Comment by joseda-hg

5 months ago

It (CC) does have a /models command, you can still decide to route everything to Opus if you just want to burn tokens I guess it's not default so most wouldn't, but still, people willing to go to a third party client are more likely that kind of power user anyway

They still have the total consumption under their control (*bar prompt caching and other specific optimizations) where in the past they even had different quotas per model, it shouldn't cost them more money, just be a worse/different service I guess

4 comments

joseda-hg

skeledrew 5 months ago

> it shouldn't cost them more money

As things are currently, better models mean bigger models that take more storage+RAM+CPU, or just spend more time processing a request. All this translates to higher costs, and may be mitigated by particular configs triggered by knowledge that a given client, providing particular guarantees, is on the other side.

joseda-hg 5 months ago
That’s kind of the point.
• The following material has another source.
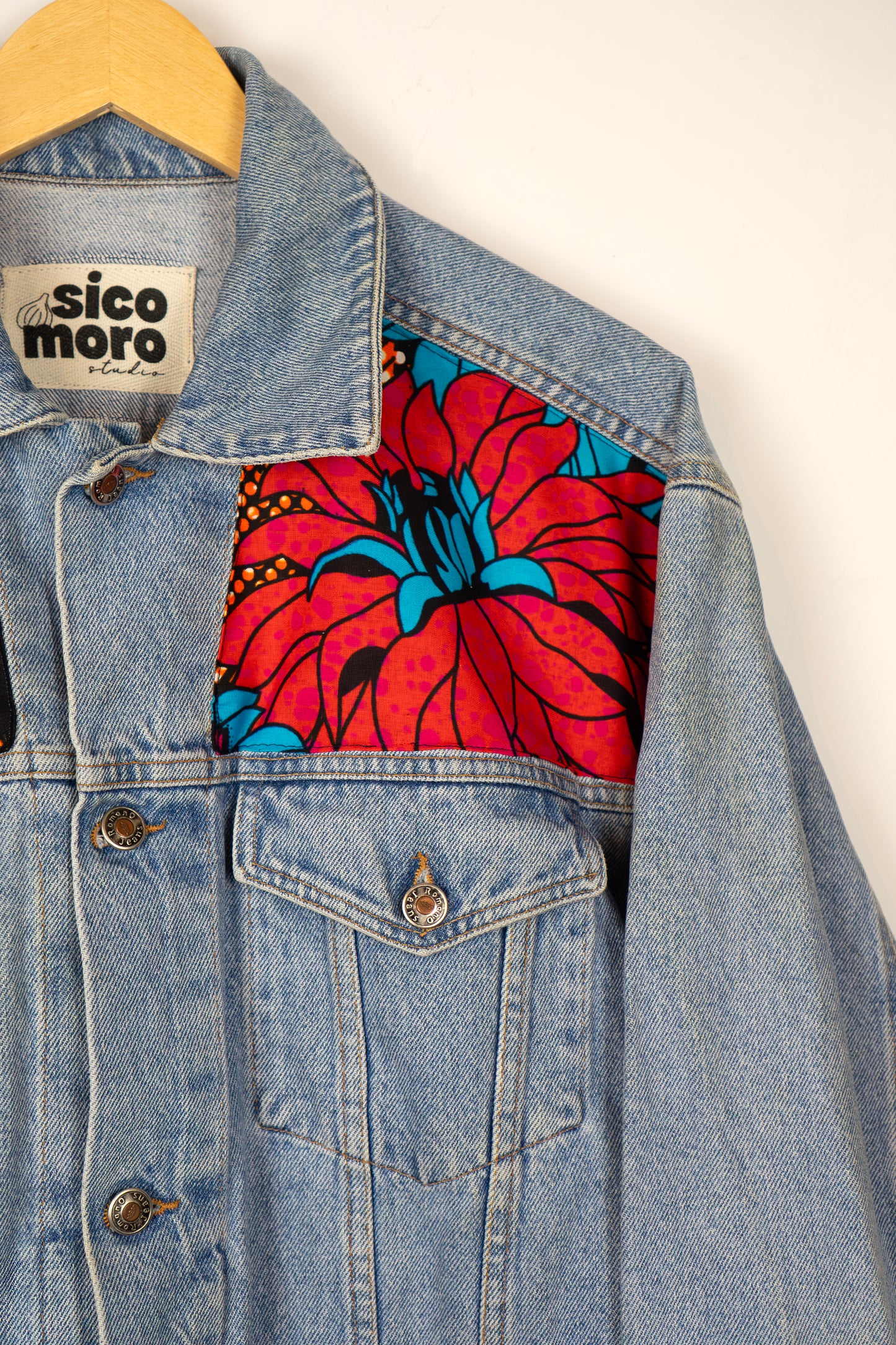 Light denim jacket - Neon Bloom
Even if users can choose which model to use (and apparently the default is the largest one), they could still say (For roughly the same cost): your Opus quota is X, your Haiku quota is Y, go ham. We’ll throttle you when you hit the limit.
- skeledrew 5 months ago
  
  But they don't want the subscription to be quota'd like that. The API automatically does that though, as different models use different amounts of tokens when generating responses, and the billing is per token. And quite literally is having the user account for the actual costs of usage, which is the thing said users are trying to avoid, on their own terms, and getting upset about when they aren't.

ac29 5 months ago

> It (CC) does have a /models command, you can still decide to route everything to Opus if you just want to burn tokens I guess it's not default so most wouldn't

Opus is claude code's default model as of sometime recently (around Opus 4.6?)